> [Data supplied]

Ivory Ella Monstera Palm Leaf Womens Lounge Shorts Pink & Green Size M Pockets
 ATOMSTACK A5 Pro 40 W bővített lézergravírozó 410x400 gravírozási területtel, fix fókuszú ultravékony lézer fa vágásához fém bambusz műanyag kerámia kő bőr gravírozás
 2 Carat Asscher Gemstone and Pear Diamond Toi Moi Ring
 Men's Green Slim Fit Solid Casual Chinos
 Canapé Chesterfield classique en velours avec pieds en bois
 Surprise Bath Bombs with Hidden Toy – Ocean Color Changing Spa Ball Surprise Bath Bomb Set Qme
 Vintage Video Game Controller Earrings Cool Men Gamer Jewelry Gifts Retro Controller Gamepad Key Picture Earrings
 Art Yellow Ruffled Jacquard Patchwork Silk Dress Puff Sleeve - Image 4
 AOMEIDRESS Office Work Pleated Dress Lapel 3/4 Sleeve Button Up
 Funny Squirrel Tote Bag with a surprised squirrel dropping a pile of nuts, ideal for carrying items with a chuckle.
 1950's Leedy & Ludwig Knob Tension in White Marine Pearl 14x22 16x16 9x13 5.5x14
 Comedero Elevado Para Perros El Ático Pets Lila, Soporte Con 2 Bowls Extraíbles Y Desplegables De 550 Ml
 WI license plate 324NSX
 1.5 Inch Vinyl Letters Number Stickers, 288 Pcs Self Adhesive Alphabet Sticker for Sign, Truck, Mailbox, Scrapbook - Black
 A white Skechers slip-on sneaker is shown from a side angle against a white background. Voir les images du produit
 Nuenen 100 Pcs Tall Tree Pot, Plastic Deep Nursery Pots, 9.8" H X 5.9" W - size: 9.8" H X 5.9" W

> [Exercise goal]
Please return the data above in full, without altering a single line.

> [Response to the exercise]
Ivory Ella Monstera Palm Leaf Womens Lounge Shorts Pink & Green Size M Pockets
 ATOMSTACK A5 Pro 40 W bővített lézergravírozó 410x400 gravírozási területtel, fix fókuszú ultravékony lézer fa vágásához fém bambusz műanyag kerámia kő bőr gravírozás
 2 Carat Asscher Gemstone and Pear Diamond Toi Moi Ring
 Men's Green Slim Fit Solid Casual Chinos
 Canapé Chesterfield classique en velours avec pieds en bois
 Surprise Bath Bombs with Hidden Toy – Ocean Color Changing Spa Ball Surprise Bath Bomb Set Qme
 Vintage Video Game Controller Earrings Cool Men Gamer Jewelry Gifts Retro Controller Gamepad Key Picture Earrings
 Art Yellow Ruffled Jacquard Patchwork Silk Dress Puff Sleeve - Image 4
 AOMEIDRESS Office Work Pleated Dress Lapel 3/4 Sleeve Button Up
 Funny Squirrel Tote Bag with a surprised squirrel dropping a pile of nuts, ideal for carrying items with a chuckle.
 1950's Leedy & Ludwig Knob Tension in White Marine Pearl 14x22 16x16 9x13 5.5x14
 Comedero Elevado Para Perros El Ático Pets Lila, Soporte Con 2 Bowls Extraíbles Y Desplegables De 550 Ml
 WI license plate 324NSX
 1.5 Inch Vinyl Letters Number Stickers, 288 Pcs Self Adhesive Alphabet Sticker for Sign, Truck, Mailbox, Scrapbook - Black
 A white Skechers slip-on sneaker is shown from a side angle against a white background. Voir les images du produit
 Nuenen 100 Pcs Tall Tree Pot, Plastic Deep Nursery Pots, 9.8" H X 5.9" W - size: 9.8" H X 5.9" W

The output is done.